We owe our cohesive street naming and numbering system to Edward P. Brennan. Brennan was the chairman of the City Club of Chicago's Committee on Street Names. His vision included three changes:
- The house and building numbering system should tell you where you are relative to the Loop.
- Streets should be named the same throughout their length.
- Street names should be simplified.
In order to rationalize the numbering system, Brennan came up with State and Madison as the baseline from which all streets were numbered. This consistent and reasonable system allotted for 100 house numbers per one-eighth of a mile, or a city block. You can easily tell how far you are from State and Madison by the house number. For example, if you are at 1901 W. Madison, then you are 19 blocks west of State Street. Within this numbering system, all even number houses are on the west and north sides of streets; odd numbers on the east and south. So at 1901 W. Madison, the building is on the south side of the street.
Prior to Brennan’s suggestion, houses were numbered haphazardly. Some were numbered beginning at the Chicago River branches. Some streets started numbering at their ends. This was not consistent either. For example, Willow started numbering at its east end. Wisconsin, the next street up, started numbering at its west end.
The street naming system was also a free for all before Brennan. Some streets changed names as they crossed the river. Wells ran north of the main branch of the Chicago River. On the south side of the bridge, it became Fifth Avenue.
Other streets changed names and house numbering with seemingly no rhyme or reason. Ann Street existed for a few blocks on the Near West Side. Between Randolph and Madison it was “South Ann”, between Randolph and Kinzie it was “North Ann” and then you crossed railroad tracks and the name changed to “Centre Street”. South of Madison, “Centre Street” started up again, but with house numbers that started over at 1 South. So 56 South Ann was across the street from 1 South Centre. Today, these house numbers would all be located on Racine.
Brennan proposed that each street should keep the same name throughout its span. To eliminate duplicate street names, such as a dozen streets named “Lincoln”, Brennan drew the city on a piece of graph paper.

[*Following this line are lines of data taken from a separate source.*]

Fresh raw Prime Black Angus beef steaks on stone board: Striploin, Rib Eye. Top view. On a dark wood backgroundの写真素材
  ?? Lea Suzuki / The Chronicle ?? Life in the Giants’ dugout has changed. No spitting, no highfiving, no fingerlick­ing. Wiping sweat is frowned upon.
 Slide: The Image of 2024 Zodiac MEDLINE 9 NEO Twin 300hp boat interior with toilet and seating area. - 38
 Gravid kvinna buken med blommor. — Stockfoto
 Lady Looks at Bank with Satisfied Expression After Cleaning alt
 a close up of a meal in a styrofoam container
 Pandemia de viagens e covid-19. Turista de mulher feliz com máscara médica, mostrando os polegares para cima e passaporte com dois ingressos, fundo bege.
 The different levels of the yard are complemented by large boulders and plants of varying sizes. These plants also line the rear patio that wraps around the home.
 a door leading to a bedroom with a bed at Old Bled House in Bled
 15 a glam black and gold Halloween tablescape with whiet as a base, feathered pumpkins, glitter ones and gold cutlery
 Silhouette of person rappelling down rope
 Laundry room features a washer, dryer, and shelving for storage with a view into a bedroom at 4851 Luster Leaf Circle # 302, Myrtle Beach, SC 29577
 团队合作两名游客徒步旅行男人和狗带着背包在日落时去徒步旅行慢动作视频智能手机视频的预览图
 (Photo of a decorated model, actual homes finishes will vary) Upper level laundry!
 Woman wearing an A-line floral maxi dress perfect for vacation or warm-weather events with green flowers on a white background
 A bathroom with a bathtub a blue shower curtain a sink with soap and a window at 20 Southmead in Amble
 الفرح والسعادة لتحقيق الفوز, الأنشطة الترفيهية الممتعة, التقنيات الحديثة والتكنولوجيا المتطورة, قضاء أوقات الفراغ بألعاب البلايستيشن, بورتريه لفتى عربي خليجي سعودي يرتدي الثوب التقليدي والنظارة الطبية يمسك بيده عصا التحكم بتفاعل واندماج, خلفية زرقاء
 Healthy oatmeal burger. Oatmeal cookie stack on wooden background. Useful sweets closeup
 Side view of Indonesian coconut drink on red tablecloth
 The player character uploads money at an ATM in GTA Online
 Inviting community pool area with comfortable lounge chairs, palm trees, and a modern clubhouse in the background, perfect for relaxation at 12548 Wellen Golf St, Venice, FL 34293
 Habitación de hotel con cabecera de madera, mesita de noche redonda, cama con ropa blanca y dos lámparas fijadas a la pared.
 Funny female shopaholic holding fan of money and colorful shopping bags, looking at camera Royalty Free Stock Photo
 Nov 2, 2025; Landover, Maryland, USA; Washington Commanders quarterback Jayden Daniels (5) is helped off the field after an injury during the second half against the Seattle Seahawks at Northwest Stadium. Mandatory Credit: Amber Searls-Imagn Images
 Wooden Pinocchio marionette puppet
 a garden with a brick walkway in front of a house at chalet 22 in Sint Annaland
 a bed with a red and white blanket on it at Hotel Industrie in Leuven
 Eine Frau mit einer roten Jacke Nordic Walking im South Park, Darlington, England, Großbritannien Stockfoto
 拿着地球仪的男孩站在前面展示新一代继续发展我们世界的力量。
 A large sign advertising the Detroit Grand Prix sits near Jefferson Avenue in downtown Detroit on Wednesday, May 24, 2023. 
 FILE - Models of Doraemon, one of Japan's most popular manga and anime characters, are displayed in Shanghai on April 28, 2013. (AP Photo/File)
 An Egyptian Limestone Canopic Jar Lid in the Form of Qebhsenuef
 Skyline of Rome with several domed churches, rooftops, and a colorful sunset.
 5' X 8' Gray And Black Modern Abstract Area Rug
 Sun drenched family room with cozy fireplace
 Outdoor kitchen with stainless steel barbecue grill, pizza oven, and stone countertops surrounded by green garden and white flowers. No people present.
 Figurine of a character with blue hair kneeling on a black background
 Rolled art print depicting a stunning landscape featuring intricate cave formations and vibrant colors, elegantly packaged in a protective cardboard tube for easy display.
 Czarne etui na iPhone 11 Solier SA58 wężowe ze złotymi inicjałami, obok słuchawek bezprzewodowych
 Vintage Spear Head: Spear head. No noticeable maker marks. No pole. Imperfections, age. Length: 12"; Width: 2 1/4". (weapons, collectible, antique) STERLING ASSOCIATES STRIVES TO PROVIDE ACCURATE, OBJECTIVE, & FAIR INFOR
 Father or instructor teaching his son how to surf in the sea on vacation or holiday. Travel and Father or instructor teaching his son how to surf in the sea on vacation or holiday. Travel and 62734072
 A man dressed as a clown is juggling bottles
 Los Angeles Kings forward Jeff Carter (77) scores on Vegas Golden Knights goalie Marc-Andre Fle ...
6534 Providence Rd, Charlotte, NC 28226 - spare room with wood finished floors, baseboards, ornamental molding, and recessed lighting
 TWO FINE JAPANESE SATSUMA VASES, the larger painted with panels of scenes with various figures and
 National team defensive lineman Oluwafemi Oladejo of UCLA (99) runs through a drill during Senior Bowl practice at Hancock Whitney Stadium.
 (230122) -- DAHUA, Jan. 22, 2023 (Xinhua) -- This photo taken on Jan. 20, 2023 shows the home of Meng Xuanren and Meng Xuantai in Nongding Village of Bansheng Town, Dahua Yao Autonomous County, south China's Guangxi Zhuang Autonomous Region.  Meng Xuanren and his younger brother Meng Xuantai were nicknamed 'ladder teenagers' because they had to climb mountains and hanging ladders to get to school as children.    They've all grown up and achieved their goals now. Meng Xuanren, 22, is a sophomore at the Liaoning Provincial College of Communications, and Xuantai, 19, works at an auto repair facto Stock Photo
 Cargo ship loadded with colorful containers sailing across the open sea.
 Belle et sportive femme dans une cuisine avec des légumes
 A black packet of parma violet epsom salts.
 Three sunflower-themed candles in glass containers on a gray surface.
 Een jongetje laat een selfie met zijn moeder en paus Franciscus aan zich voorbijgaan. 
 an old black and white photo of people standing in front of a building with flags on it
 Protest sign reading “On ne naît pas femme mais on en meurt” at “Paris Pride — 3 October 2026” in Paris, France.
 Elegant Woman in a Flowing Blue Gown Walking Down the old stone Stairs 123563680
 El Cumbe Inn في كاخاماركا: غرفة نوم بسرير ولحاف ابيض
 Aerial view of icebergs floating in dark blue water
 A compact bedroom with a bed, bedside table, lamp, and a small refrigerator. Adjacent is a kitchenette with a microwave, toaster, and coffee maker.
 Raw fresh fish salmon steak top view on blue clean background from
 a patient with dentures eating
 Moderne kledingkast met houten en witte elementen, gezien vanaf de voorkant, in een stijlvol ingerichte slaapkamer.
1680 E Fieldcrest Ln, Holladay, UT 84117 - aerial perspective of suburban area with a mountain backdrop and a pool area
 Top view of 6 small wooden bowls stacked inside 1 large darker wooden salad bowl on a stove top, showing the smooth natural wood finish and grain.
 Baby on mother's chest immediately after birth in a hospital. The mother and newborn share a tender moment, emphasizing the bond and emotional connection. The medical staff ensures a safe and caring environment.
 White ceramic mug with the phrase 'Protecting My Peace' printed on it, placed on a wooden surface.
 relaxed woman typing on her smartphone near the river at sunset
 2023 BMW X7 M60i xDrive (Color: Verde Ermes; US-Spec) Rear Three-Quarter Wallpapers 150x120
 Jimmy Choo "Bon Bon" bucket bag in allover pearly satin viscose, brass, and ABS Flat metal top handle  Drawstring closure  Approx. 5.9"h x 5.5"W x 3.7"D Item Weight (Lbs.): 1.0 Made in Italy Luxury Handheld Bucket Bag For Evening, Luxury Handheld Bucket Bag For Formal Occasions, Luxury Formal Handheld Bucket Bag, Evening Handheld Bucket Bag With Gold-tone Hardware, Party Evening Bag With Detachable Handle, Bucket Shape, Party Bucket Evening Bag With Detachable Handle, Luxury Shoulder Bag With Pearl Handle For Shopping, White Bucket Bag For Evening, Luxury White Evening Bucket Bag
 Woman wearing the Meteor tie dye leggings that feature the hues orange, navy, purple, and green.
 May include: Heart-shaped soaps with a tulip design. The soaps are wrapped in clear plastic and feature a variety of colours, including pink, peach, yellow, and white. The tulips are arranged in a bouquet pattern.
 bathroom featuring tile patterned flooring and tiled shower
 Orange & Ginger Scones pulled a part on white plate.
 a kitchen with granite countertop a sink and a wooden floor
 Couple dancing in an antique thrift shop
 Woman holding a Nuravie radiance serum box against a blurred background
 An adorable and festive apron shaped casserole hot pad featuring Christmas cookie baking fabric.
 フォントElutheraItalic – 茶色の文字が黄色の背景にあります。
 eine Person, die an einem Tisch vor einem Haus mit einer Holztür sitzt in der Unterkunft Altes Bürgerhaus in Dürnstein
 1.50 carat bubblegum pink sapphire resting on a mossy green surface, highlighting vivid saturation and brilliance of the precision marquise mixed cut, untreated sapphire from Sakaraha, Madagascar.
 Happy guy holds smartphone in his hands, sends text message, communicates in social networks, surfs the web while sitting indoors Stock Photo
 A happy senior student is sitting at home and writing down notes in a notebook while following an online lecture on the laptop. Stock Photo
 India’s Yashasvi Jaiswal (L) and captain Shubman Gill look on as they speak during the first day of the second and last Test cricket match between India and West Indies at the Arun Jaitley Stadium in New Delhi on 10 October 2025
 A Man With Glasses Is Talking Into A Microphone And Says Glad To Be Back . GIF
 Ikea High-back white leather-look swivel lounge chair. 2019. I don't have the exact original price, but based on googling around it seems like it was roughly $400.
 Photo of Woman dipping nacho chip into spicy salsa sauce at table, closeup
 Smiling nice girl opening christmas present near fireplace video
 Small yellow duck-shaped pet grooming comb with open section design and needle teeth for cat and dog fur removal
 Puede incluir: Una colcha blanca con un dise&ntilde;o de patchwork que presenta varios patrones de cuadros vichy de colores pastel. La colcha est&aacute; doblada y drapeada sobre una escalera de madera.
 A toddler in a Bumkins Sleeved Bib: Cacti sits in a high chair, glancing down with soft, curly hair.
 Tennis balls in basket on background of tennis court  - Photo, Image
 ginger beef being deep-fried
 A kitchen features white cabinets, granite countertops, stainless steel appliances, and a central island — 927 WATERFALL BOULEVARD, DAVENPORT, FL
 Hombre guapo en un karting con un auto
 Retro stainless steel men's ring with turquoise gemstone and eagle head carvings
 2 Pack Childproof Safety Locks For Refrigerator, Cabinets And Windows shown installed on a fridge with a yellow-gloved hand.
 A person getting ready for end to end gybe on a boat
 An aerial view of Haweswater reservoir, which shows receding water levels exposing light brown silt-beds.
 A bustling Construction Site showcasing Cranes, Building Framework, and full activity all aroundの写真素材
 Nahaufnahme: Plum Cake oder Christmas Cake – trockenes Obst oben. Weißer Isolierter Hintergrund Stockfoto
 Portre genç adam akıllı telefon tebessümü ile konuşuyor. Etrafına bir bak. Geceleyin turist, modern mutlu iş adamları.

In his plan, the north-south streets and east-west streets are called the same name for their length. Even if a street dead-ended and started-up blocks later, it would still be called the same thing as long as it was in the same line.
The last piece of plan was to simplify the street names. On the West Side, there were numbered avenues that ran north-south. So 40th Ave. intersected with 40th St. Brennan planned to change these north-south numbered streets to unique names that began with the same letter. Just like you could use the "tens" place of a street number to know how far south you were from Madison, you could use the alphabet to estimate how far west you were from Indiana. All streets in the first mile west of the Indiana state line would begin with “A”.
Since much of the city was already built up, there was resistance to changing the names of nearly all north-south streets. Instead, using the alphabet initials to name streets really began on the west side, about 11 miles in. There you find streets such as Komensky, Karlov, Kedvale, and Keeler. A mile further west, you find Leamington, Laramie, Latrobe and Lockwood.
As a member of the City Club of Chicago, Brennan worked with the City Council’s Committee on Street Nomenclature and the Superintendent of Maps to implement his plan. A decade after Brennan first proposed them, the last of the house numbering changes took effect on April 1, 1911. In 1912, the City Council’s Committee on Street Nomenclature issued a Report on Street Nomenclature which included a 14-page suggested list of new unique street names, from Abbotsford to Azena, Zachary to Zypho, and everything in between. There is little explanation as to where names came from. You can trace some of the city’s more interesting street names, such as Mango, to this list.
Street name changes had to be approved by ordinance of the City Council, or in other cases, various park districts. It took many years for the duplicate and incongruous streets to be renamed. Brennan kept scrapbooks of this interesting bit of municipal history. These scrapbooks are now at the Chicago History Museum. Near the end of his life, Brennan was recognized for his service to the city. After he died in 1942, the City Council named a street, S. Brennan Avenue, in honor of Brennan's work.